Ce long texte sur The Clash n'est pas le seul morceau fascinant sur le punk, vécu de l'intérieur et en direct comme supporter critique. Dans Death Means Never Having to Say You're Incomplete, Lester Bangs s'interroge longuement sur le fond du discours de Richard Hell, séduit par sa musique et son approche, mais sceptique quant au nihilisme ou à la fascination pour la mort du personnage . Il s'interroge également sur le racisme latent de la scène punk dans The White Noise Supremacists ; regard bien pertinent si l'on se rappelle des groupes punk fascites qui apparaissent dans un film comme An Amercian History X.

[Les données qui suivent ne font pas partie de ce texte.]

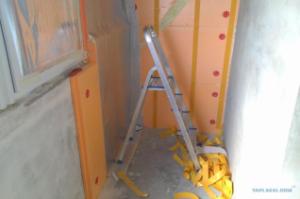 утепление балкона и лоджии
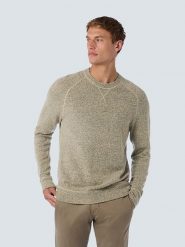 No Excess Sweter w kolorze beżowym rozmiar: L. Brązowe swetry męskie No Excess, l, bez wzorów, z wełny, bez kołnierzyka. Za 220.95 zł.
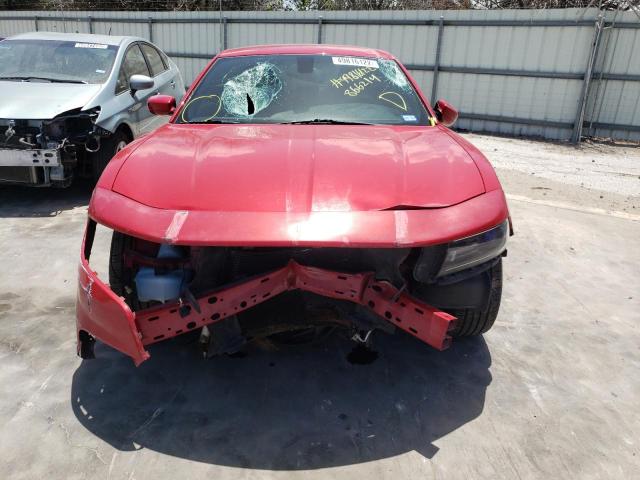 Photo 9 from auction – 2015 DODGE CHARGER SE with VIN 2C3CDXBG0FH866214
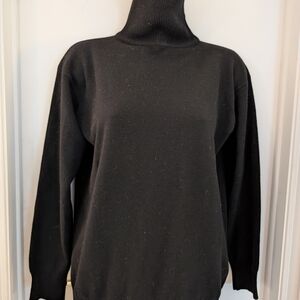 EUC Vintage "REVE"  Cashmere Turtleneck Sweater Size 8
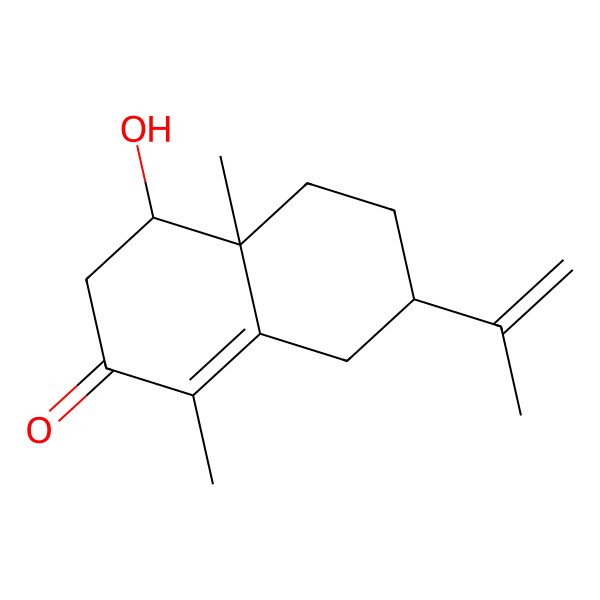 2D Structure of Ligucyperonol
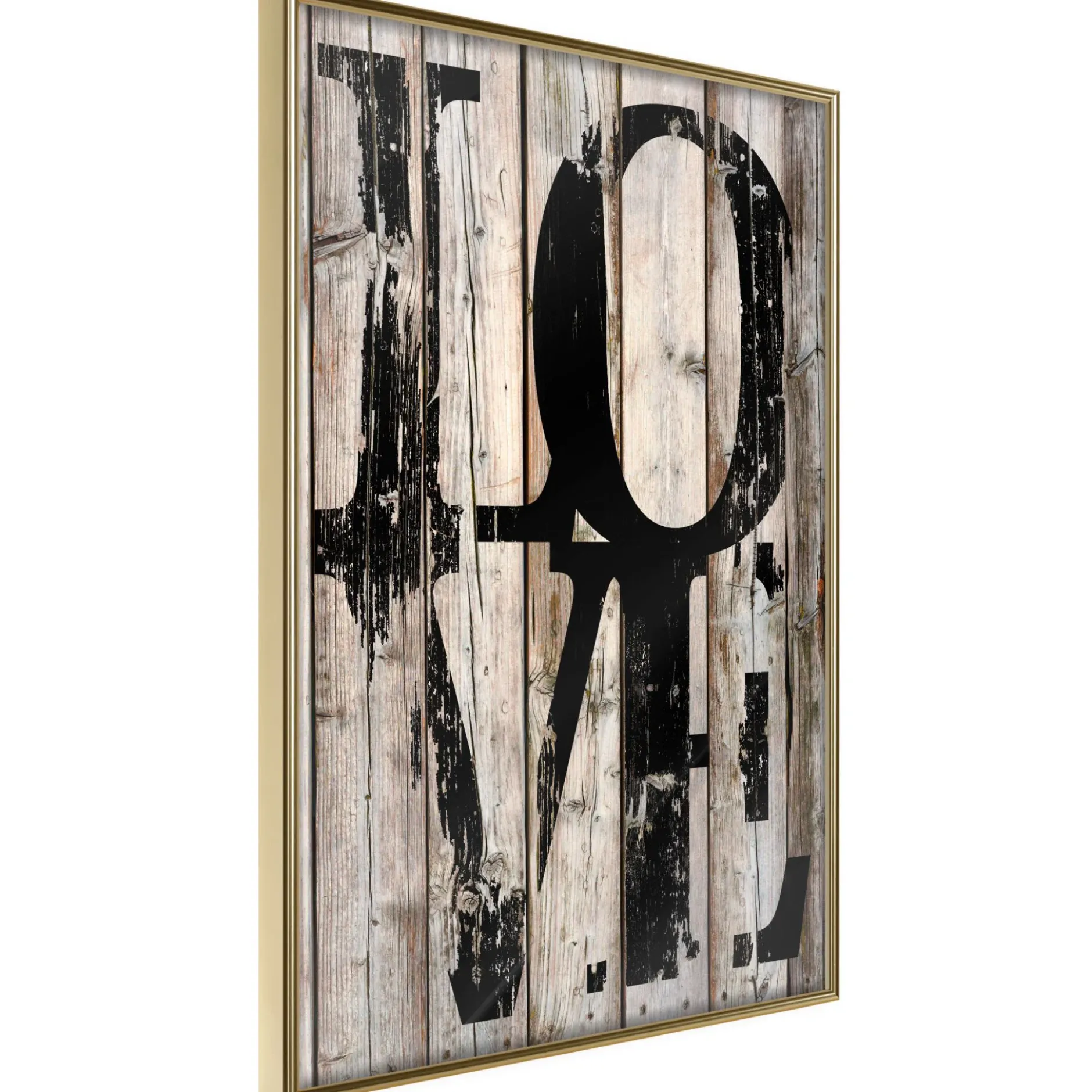 Poster 'Vintage: Love'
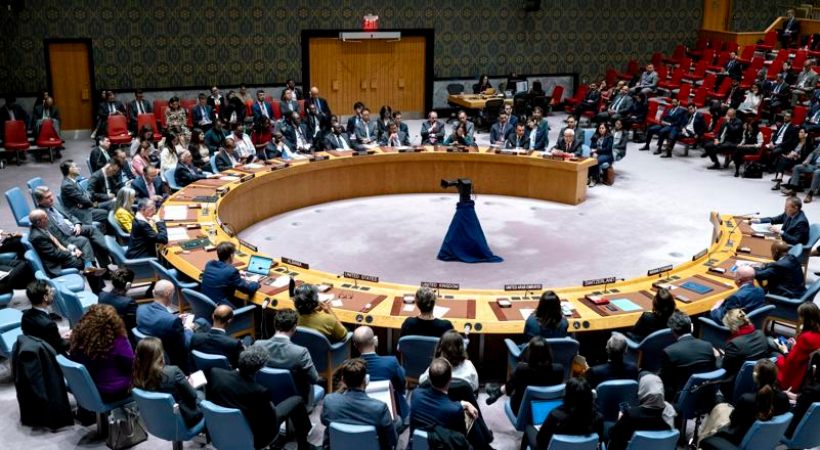 US vetoes UN resolution condemning humanitarian pauses Gaza
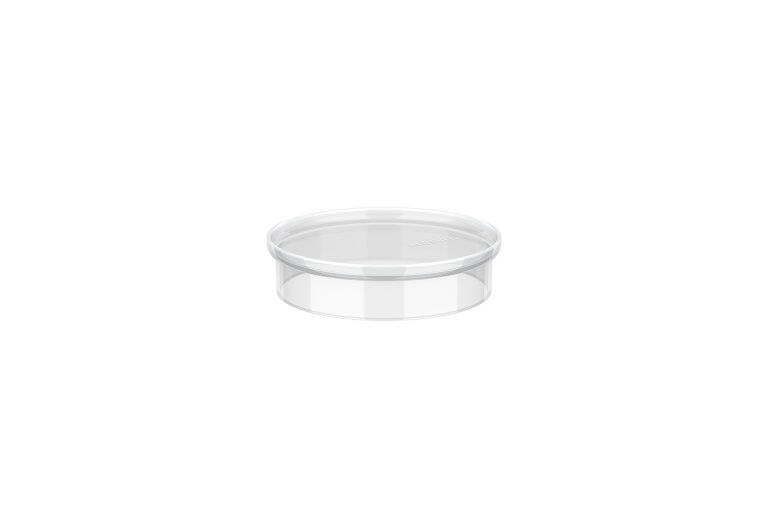 Deksel mixbeker 1000 ml - transparant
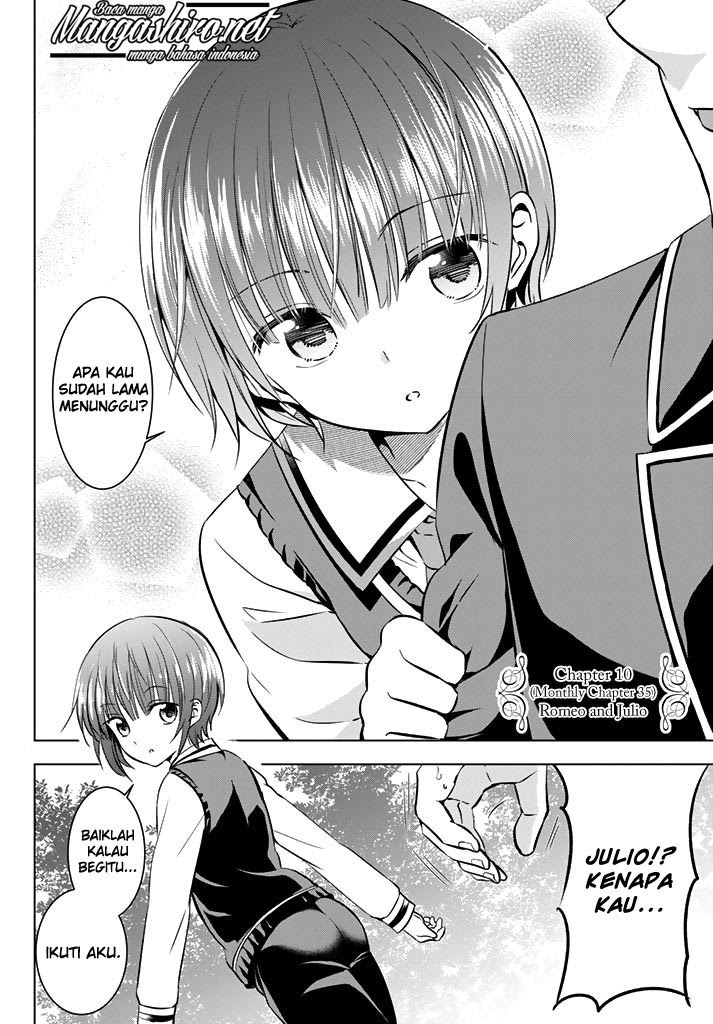 Kishuku Gakkou no Juliet - Chapter 35 27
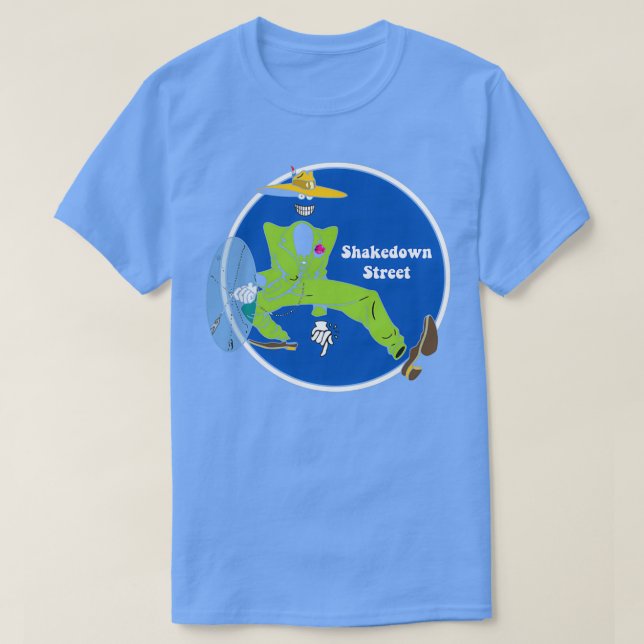 T-shirt Shakedown Street 2  (Design devant)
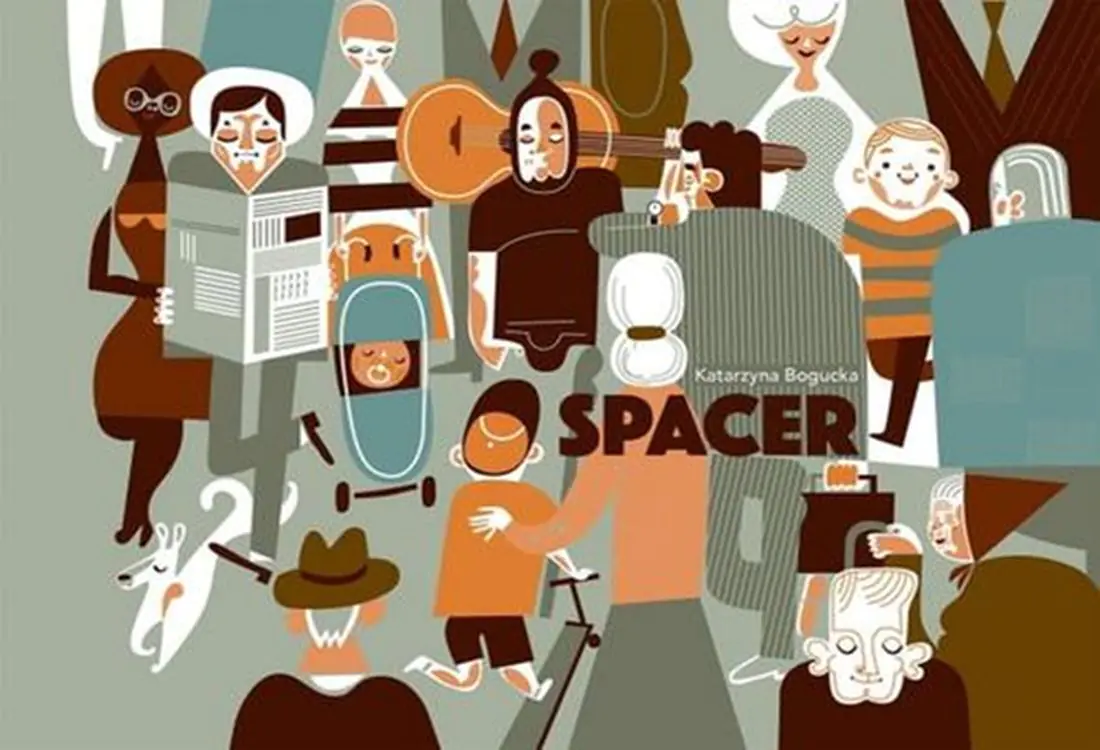 Książka - Spacer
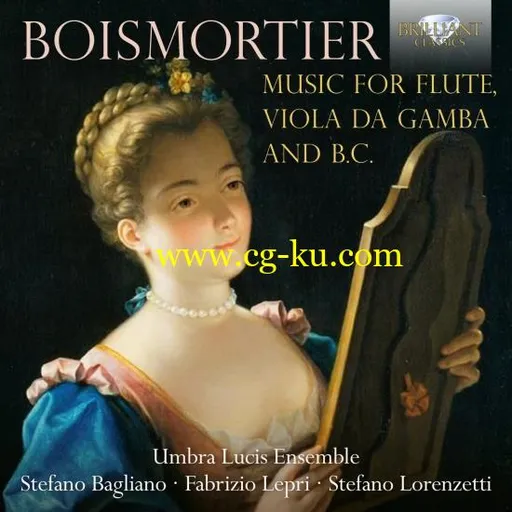 Stefano Bagliano Umbra Lucis Ensemble – Boismortier: Music for Flute, Viola da Gamba and B.C. (2018) Flac/Mp3的图片1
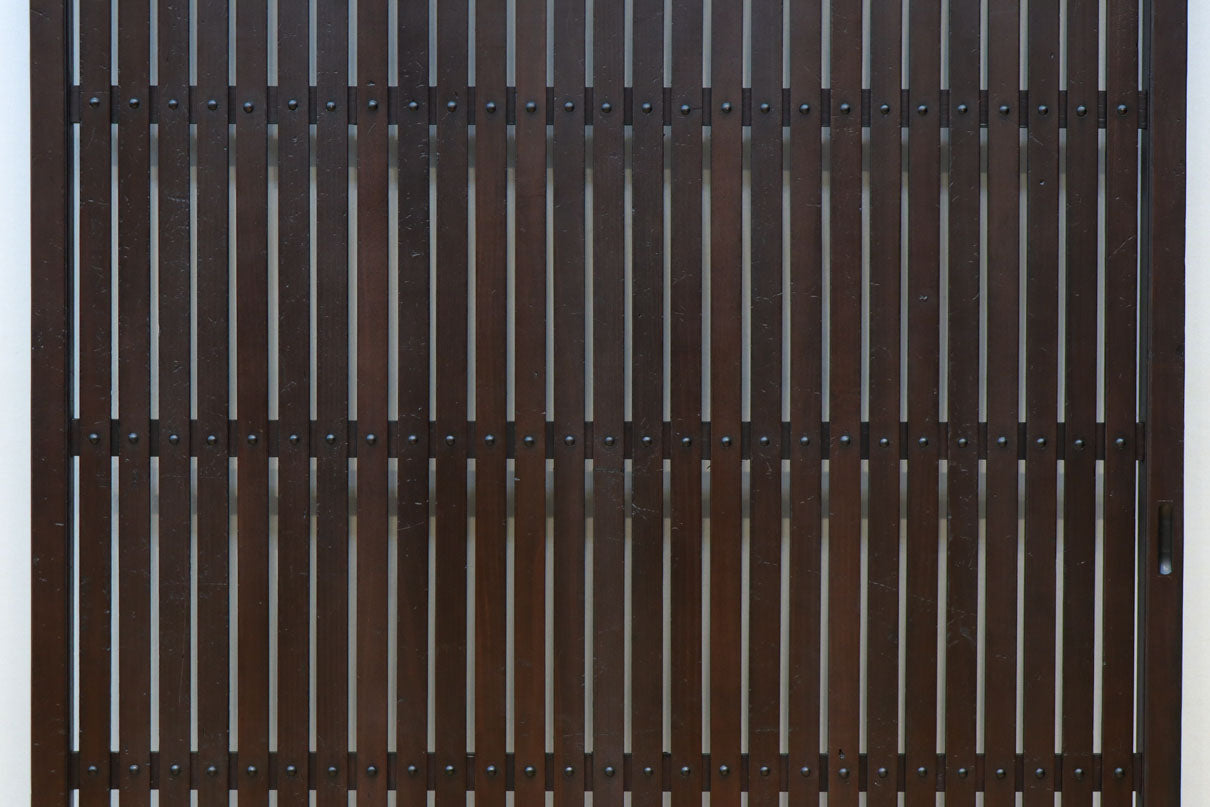 Lattice door F8443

Mais le texte le plus déchirant sur le punk, ou le rock en général, surgit finalement, publié en 1977. Récit méditatif sur la mort de Peter Laughner, tout simplement intitulé Peter Laughner is Dead. Laughner était fan transi de Lou Reed, malade du rock, passionné fou ; il écrivit des critiques, joua dans quelques groupes punk naissant, posa sa voix sur les premiers 45 tours de Pere Ubu. Laughner est mort à 24 ans, détruit par l'excès d'alcool et boisson. Dans ses propres excès et passions, Lester Bangs semble saisi, exprime sa peine, son sentiment désabusé, "un gamin qui s'est tué pour quelque chose que les T-shirts déchirés représentaient dans le combat de ses émotions déchirées." Une peine et un embarras qu'il tente de transmettre sans jugement, sans chercher de grand coupable, sans proposer de vraie moral. Texte glaçant, lucide, un immense moment de rock, d'émotion, d'écriture tout simplement.

Car Psychotic Reactions and Carburator Dung n'est pas qu'un recueil sur le punk ou sur des passions de sous-culture comme Lou Reed ou les séries Z d'horreur. C'est un assemblage d'écriture magnifique, d'une quête de sens ou de vie ou d'élan, je ne sais comment dire, une énergie du texte catalysée par la musique, riche en invention, en recherche, en folie douce. Une lecture fascinante...  



Liens vers des articles de Lester Bangs



Quelques citations... (jolie liste visible ici)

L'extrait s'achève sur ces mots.